Data section Start Marker

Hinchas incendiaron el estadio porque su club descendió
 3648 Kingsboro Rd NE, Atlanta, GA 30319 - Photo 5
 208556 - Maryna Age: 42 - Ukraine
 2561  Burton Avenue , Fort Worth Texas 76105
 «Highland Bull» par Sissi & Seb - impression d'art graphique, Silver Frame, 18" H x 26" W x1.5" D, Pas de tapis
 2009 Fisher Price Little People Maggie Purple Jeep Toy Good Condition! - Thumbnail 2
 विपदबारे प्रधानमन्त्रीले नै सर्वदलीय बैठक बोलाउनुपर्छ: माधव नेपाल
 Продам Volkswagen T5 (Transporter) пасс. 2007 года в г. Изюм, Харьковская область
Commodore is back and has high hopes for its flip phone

Data section End Marker

Retype the data in full, exactly.

Hinchas incendiaron el estadio porque su club descendió
 3648 Kingsboro Rd NE, Atlanta, GA 30319 - Photo 5
 208556 - Maryna Age: 42 - Ukraine
 2561  Burton Avenue , Fort Worth Texas 76105
 «Highland Bull» par Sissi & Seb - impression d'art graphique, Silver Frame, 18" H x 26" W x1.5" D, Pas de tapis
 2009 Fisher Price Little People Maggie Purple Jeep Toy Good Condition! - Thumbnail 2
 विपदबारे प्रधानमन्त्रीले नै सर्वदलीय बैठक बोलाउनुपर्छ: माधव नेपाल
 Продам Volkswagen T5 (Transporter) пасс. 2007 года в г. Изюм, Харьковская область
Commodore is back and has high hopes for its flip phone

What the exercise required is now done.